Ms. Beniquez described herself as a “proud Latina American” whose family is originally from Puerto Rico.
“It was just wave after wave of critically ill patients that were coming in with no end in sight,” she said of her experience in the emergency room. “It was like watching a tornado or a hurricane cause that sort of devastation in the field. And instead of it being a building it was our own people — our Black and Latino community.”
That New York ended up being first was unexpected. The Pfizer vaccine was coming in three waves this week from Kalamazoo, Mich., where the drugmaker has its largest manufacturing site. But even with Northwell, which planned for weeks on having a news conference featuring vaccinations on camera shortly after receiving its first doses, there was some last-minute scramble.
Stephanie Cal, a critical care nurse at Long Island Jewish Medical Center, got a call on Sunday night as she was putting up her Christmas decorations, to see if she wanted to be among the first five employees to get a shot. Ms. Lindsay, 53, the director of critical care nursing at the hospital, was chosen as the very first recipient after Northwell got word Sunday that its first doses would be arriving in Queens.

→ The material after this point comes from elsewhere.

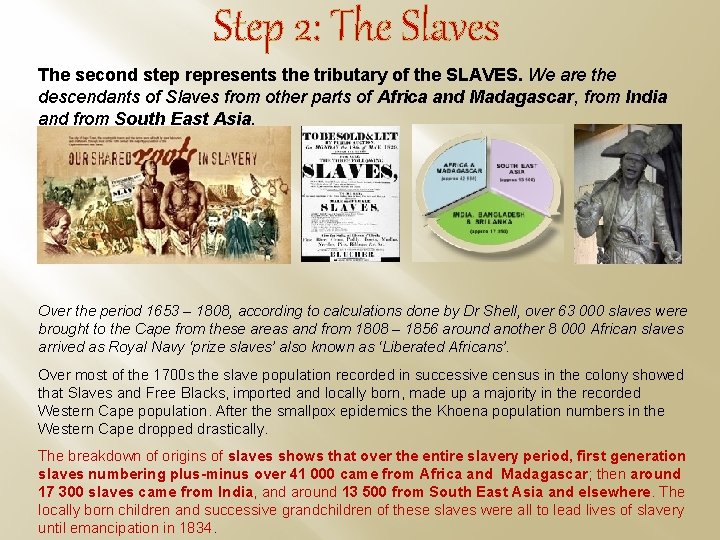 Step 2: The Slaves The second step represents the tributary of the SLAVES. We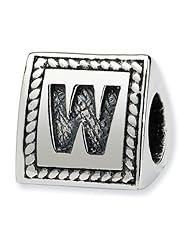 Sterling Silver Letter W Triangle Block Charm Bead Fits Pandora Chamilia Biagi Bracelet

Ms. Lindsay’s identity as a Black woman who could speak about the importance of underserved communities getting the vaccine was key, as was the fact that she had a story to tell as a leader who had overseen the care of hundreds of critically ill coronavirus patients, said Mr. Kemp, the communications officer.
About 15 minutes before the livestream began, Gareth Rhodes, a top aide to Mr. Cuomo, got on the phone with Ms. Lindsay to say it was looking like she might be the first person vaccinated in the nation, and that she should expect media attention.
“And she said, I remember very distinctly, ‘It’s my duty. I’ve seen too much pain and suffering,” Mr. Rhodes said.
Ms. Lindsay’s vaccination was broadcast on CNN and on the governor’s website and social media platforms, reaching an audience of millions. The powerful images appeared in newspapers around the country.
The symbolism was not lost on many.
Fiorella Bellini, 29, a nurse in the I.C.U. at NewYork-Presbyterian Hospital, was approached by her manager on Tuesday morning to see if she would be interested in being among the first to be vaccinated at the hospital, which had not received its shipment of doses until that morning.
She immediately said yes.
Ms. Bellini, whose family is from Venezuela, said she had been inspired in part by seeing Ms. Lindsay’s vaccination on Monday.
“I saw pictures and read about it and it was exciting,” she said. “For her to get it and being from Queens and Queens was so hard hit. It’s amazing.”